(until (is (len winset) set-count)
(let n (rand:1up top)
(if (>= n bottom) (insortnew < n winset))))
is not optimal.
Because, say if `bottom' is 30 and `top' is 40, in nearly the 3/4 of times, you'll call 'rand but not use the result, and you'll make a wasted loop turn.
A solution:
(def genWIN->Nums2 (set-count bottom top)
"Generates a list of `set-count' random numbers, each
in the range between `bottom' and `top' (inclusives).
The generation doesn't waste any CPU cycle :-)."
(let winset nil
(until (is (len winset) set-count)
(let n (rand (- (1up top) bottom))
(insortnew < (+ n bottom) winset)))
(prall:pretty-nums winset)))
The idea is, for `bottom'=30 and `top'=40, to get a random number between 0 and 11, and then add `bottom' to it.
That's awesome. I hadn't gone that far... and have yet to create any sort of habitual thinking around optimizations...
Need to think like you more.
Thanks.
T.
From what I've seen, the numbers should be fairly random.
It is often humans that misunderstand randomness, and not computers, as said in the linked article in CatDancer's post.

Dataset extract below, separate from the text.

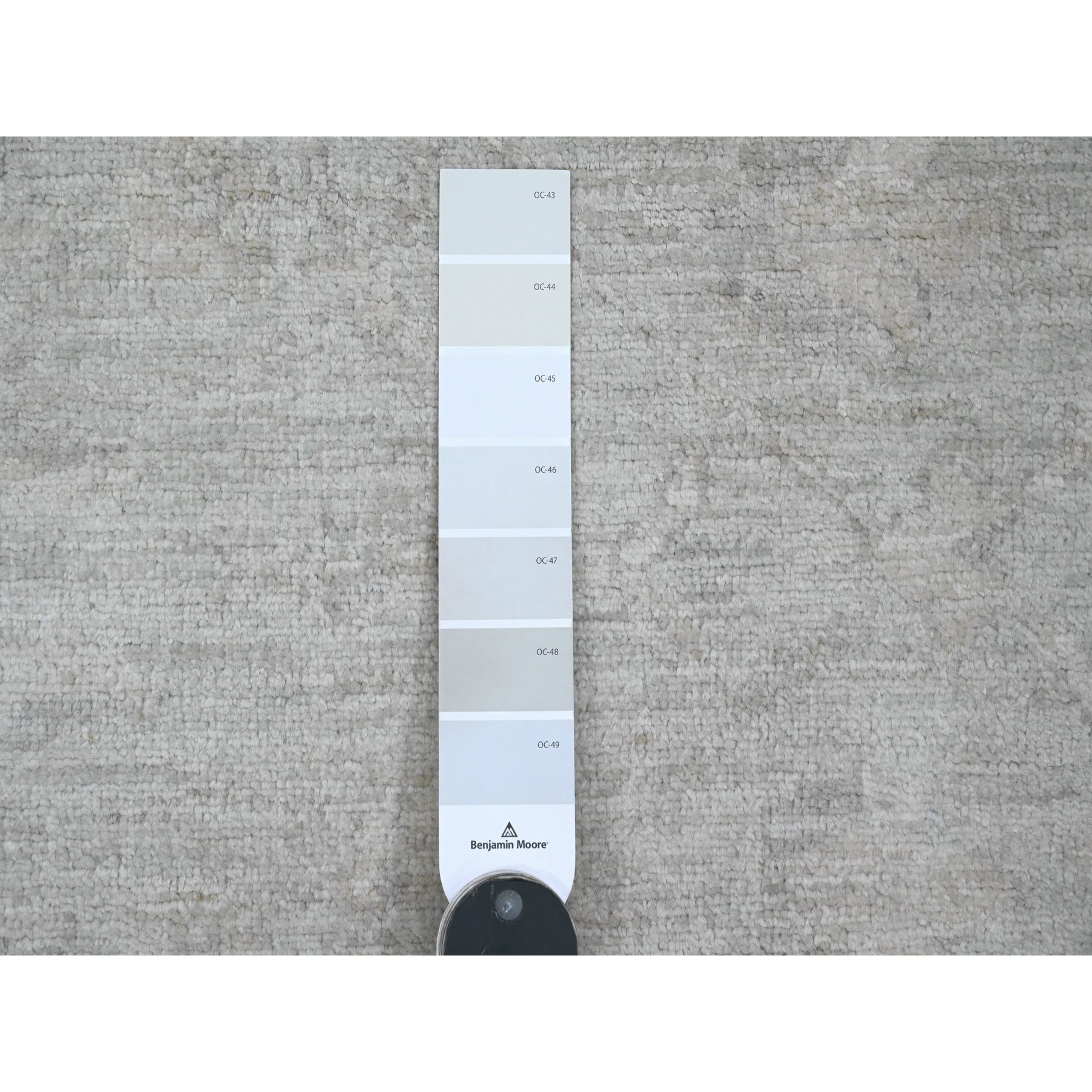 9'x11'3" Stone Gray, Washed Out Peshawar with Faded Out Leaf Design, Natural Dyes, 100% Wool, Hand Knotted, Oriental Rug Sh20555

However, randomness is a complex issue in computing, and it's good to keep it in mind.
See for example:
$ man 3 rand # here on a linux system
[...]
NOTES
The versions of rand() and srand() in the Linux C Library use
the same random number generator as random(3) and srandom(3),
so the lower-order bits should be as random as the higher-order
bits.
However, on older rand() implementations, and on current
implementations on different systems, the lower-order bits are
much less random than the higher-order bits.

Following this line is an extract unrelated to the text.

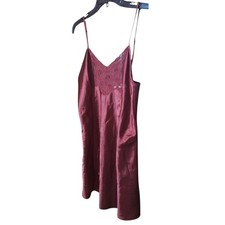 Victoria s Secret Floral Red Slip Dress, Size Large 90s Satin Lace Shiny Vtg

It means, on old systems, the situation is something like:
- rand() outputs a 4 bits integer, so the value goes from 0 to 15,
- if you do 'rand() % 10', there is a 2/16 probability you get a number in [0, 5],
and only 1/16 you get a number in [6, 9].
Mind if I ask where the other 13/16 went? Since rand() % 10 can only output 0-10 there are only 10 possibilities, all of which are covered in your two ranges.
Either people frequently have problems with statistics as well, or random numbers are really complicated ;)
Well, I'm totally not an expert in "randomness assisted by computer", I just know it's something, like cryptography, where you should be careful before implementing your own solution.
And I am bad in maths, and statistics/probas are so tricky (at least for me), you are right.
However, a code demonstration (in Perl, sorry, for perf/convenience):
# We fake a bad `rand()' function by only taking
# values between 0 and 15.
$cnt{rand(15) % 10} += 1 for (0..1_000_000);
print $_, "\t", $cnt{$_}, "\n" for (sort keys %cnt);
What you said is correct; the only problem is that with the numbers you quoted, the total probability of rolling a number in the range [0,10) is 2/16 + 1/16 = 3/16 < 1 :) The numbers you meant to quote, as borne out by your data above, are a 10/16 = 5/8 chance to get a number in the range [0,5), and a 6/16 = 3/8 chance to get a number in the range [6,10). (Equivalently, a 12/16 = 3/4 chance to get a number in the range [0,5] and a 4/16 = 1/4 chance to get a number in the range [6,9], but since that doesn't partition the [0,10) range evenly, it's less instructive.)